Reasearch project on clustering clients from transaction history


License
MIT
Install
pip install geot-cluster==0.9.29

Documentation

Geographical Transctions clustering algorithm

Name of the module stands for geographical transactions clustering. This module is an implementation of the method, developed for the third course project in HSE University. It takes dataframe with clients transactions history of the specified format and returns list of clusters.

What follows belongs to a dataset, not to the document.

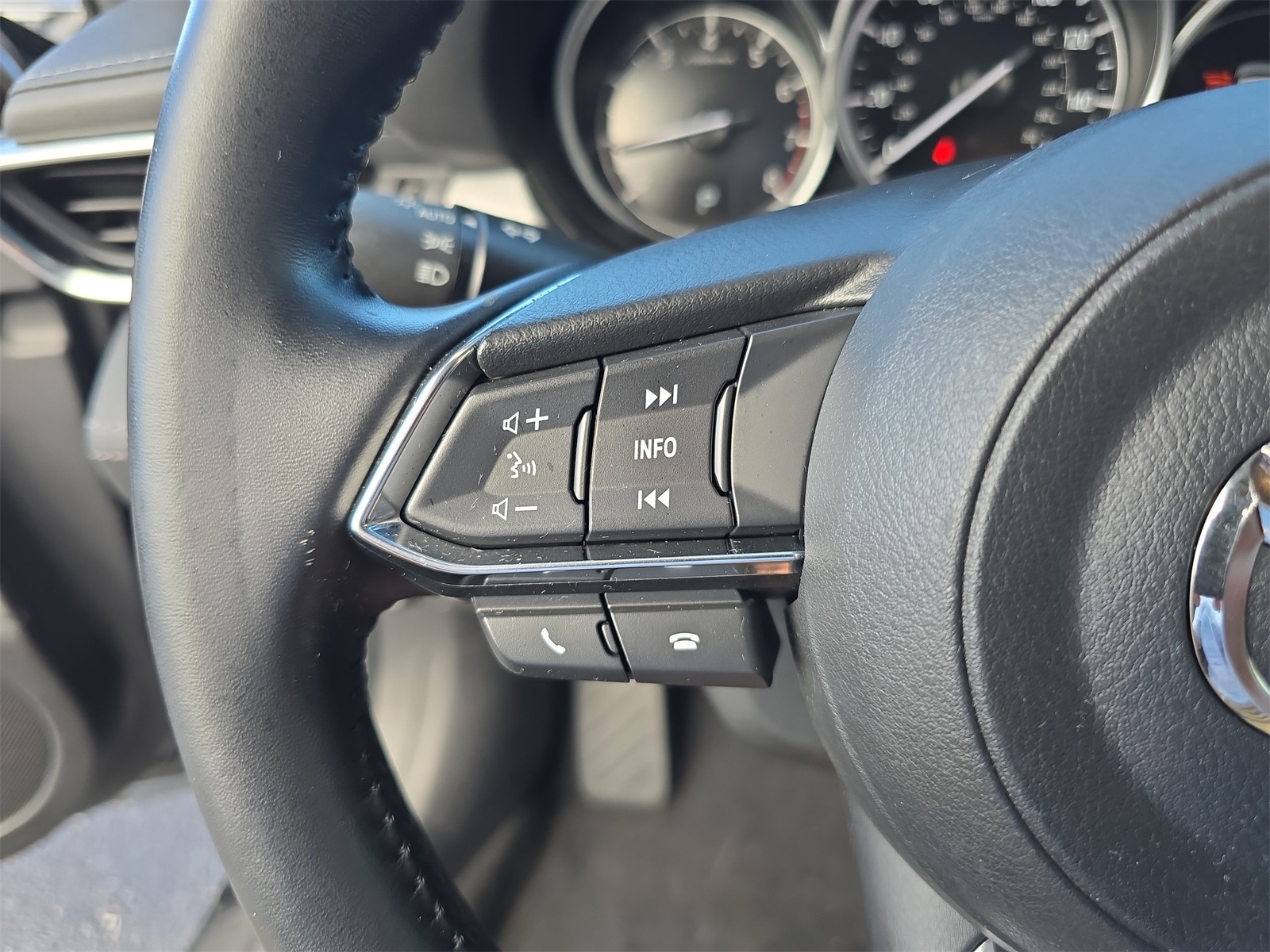 2020 Mazda Mazda6 Sport photo 22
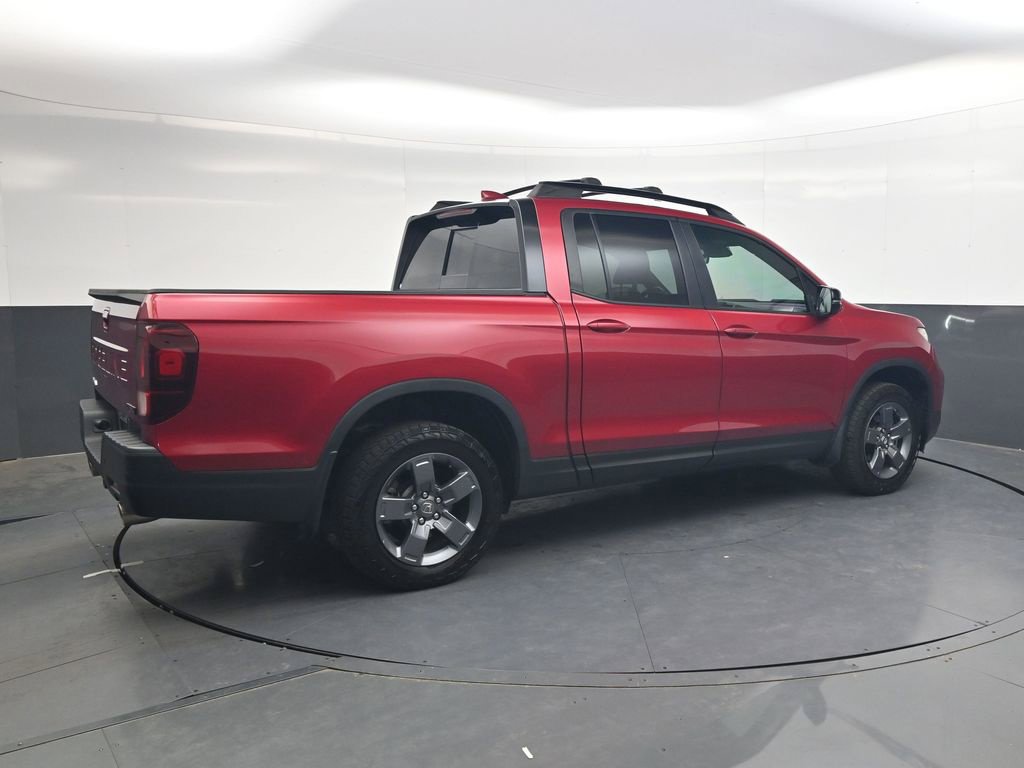 Certified 2024 Honda Ridgeline TrailSport image 4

For the record, it was intended to be for public usage in this form, as it is a research project seeking to find a way to deal with the described problem

Installation

Run the following to install:

'''python''' pip install geot_cluster

Usage

Before using make sure, that your dataset corresponds with requirements. Csv file must contain the following columns in order to work correctly

  • user_id : string type, example: "423156821"
  • event_dt : string type, example: "20190312"
  • event_time: string type, example: "2019-03-12 06:24:00.279"
  • lattitude : float type, example: 49.862621
  • longtitude: see lattitude

'''python

import geot_cluster
import markov_clustering as mc


path = [path to file with data]
data, names = geot_cluster.data_load(path)


%matplotlib notebook
base = [path to the folder, where to store libs with information about clients]

archivate = True
libs= True
graph_f = True
cluster_f = True


if(archivate):
    geot_cluster.archivate_maps(data, names, levels=4)

if(libs):
    lib = geot_cluster.graph_preparation(data, names, base) # создание ориентировочной библиотеки знакомств
    prob_lib = geot_cluster.znakomstvo_by_lib(lib,data) # расчёт вероятностей для библиотеки


lib, prob_lib = geot_cluster.load_libs(base = base)
print("Libs loaded")
if(graph_f):
    graph = geot_cluster.graph_forming(lib, prob_lib, treshold=0.9)
print("Graph formed")

if(cluster_f):
    result = mc.run_mcl(graph,pruning_threshold=0.7, inflation=2,expansion=2) 
    print("Clustered")
    clusters = mc.get_clusters(result)

    clust_0 = geot_cluster.clusters_to_ids(lib=lib, prob_lib=prob_lib, clusters = clusters, number = 0)
    maps = geot_cluster.get_cluster_maps(data = data, clust = clust_0)
    print("Number of clusters", len(clusters))

    plt.figure(figsize=(10,10))
    mc.drawing.draw_graph(result, clusters, edge_color="red",node_size=15,width = 1, with_labels=True, font_size = 8)